Editorial: Holly Refinery permit allows too much pollution

Any pollution increase is a bad idea
This is an archived article that was published on sltrib.com in 2013, and information in the article may be outdated. It is provided only for personal research purposes and may not be reprinted.

When a long, complicated and expensive permit process results in an oil refinery that will pump significantly more of some kinds of pollution into the already filthy atmosphere of a frequently bottled-up airshed, one must wonder: Whose side is our state government on?

Now, it is true that if the owners of the Holly Refinery in West Bountiful did not have to obtain a permit from the Utah Division of Air Quality, the carbon, nitrogen and sulfur compounds its proposed expansion would be pouring into our air would have no limit at all. And that would be bad.

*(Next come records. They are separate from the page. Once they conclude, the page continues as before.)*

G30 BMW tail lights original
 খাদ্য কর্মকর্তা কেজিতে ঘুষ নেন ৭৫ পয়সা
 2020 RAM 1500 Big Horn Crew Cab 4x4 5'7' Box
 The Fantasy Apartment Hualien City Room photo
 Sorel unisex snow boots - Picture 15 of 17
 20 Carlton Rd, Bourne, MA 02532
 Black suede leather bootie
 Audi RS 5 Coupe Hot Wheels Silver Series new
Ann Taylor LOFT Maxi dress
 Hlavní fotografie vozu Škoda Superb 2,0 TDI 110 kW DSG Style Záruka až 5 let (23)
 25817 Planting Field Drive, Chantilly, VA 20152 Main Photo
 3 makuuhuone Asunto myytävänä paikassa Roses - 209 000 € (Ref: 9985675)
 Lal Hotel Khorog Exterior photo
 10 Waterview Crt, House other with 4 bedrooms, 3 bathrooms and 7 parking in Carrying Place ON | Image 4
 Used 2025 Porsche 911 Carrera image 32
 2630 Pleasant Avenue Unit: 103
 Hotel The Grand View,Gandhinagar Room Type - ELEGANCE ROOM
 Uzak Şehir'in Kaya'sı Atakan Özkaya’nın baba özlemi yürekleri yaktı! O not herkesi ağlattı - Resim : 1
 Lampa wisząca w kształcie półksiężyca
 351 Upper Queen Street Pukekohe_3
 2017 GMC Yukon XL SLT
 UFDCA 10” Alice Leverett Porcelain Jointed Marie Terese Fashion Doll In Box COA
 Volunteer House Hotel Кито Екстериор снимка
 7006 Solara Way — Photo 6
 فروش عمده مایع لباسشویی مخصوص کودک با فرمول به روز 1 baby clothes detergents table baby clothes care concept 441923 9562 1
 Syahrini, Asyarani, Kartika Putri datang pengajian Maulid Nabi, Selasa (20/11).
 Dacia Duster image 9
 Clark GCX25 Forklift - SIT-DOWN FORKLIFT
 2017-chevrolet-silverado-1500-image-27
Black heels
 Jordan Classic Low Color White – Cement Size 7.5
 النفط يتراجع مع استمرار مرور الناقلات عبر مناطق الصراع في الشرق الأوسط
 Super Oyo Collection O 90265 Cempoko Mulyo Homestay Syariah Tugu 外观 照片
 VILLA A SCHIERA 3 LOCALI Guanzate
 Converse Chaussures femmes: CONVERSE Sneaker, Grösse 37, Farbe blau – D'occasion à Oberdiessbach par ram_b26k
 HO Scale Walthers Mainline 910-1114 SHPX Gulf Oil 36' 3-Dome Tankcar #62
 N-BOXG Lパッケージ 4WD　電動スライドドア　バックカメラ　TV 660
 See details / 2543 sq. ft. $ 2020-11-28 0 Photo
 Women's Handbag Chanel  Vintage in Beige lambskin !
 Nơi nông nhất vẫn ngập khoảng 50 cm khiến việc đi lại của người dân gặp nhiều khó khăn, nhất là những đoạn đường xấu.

It is also true that the permit approved Monday by the DAQ does anticipate some significant reductions in a few specific pollutants. In particular, the new equipment that is to come online along with the refinery's plan to process more of the gunky crude being dug out of eastern Utah's Uinta Basin is expected to make significant cuts in the amounts of sulphur dioxide and nitrogen oxides.

But, apparently, expecting a larger refinery to produce more gasoline with less total air pollution is more than Utah can ask. Utah law does not allow the DAQ, or any other state or local agency, to tell Holly, or any other industrial source of pollution, that it cannot expand, cannot change the type of raw materials it takes in or the kind of product it turns out.

State law does not allow Utah regulators to crack down on emissions any more than is necessary to fulfill some more general rules, rules that don't fully take into account the geographic and atmospheric deck that is stacked against us, laid down by the federal Environmental Protection Agency.

And the fact that the Holly expansion is expected to increase the output of carbon dioxide, the primary culprit in global climate change, by some 270,000 tons annually doesn't officially matter, as CO2 regulations are still being designed and only now target electric generating facilities.

The DAQ is in the process of designing new regulations for the whole of the Salt Lake area airshed, to bring the region into compliance with EPA dictates and, probably, giving us another crack at cracking down on each of the several refineries that are sadly stuck in the middle of our urban area.

In a sane world — or, at least, in a sane community subject to atmospheric inversions — refineries and other industrial sources of air pollution would be expected to hold their emissions as they are, if not reduce them, no matter their capacity or number of jobs created.

If they can't manage that, they should shut down and move out. We'd even spot them a tank of gas to get them on their way.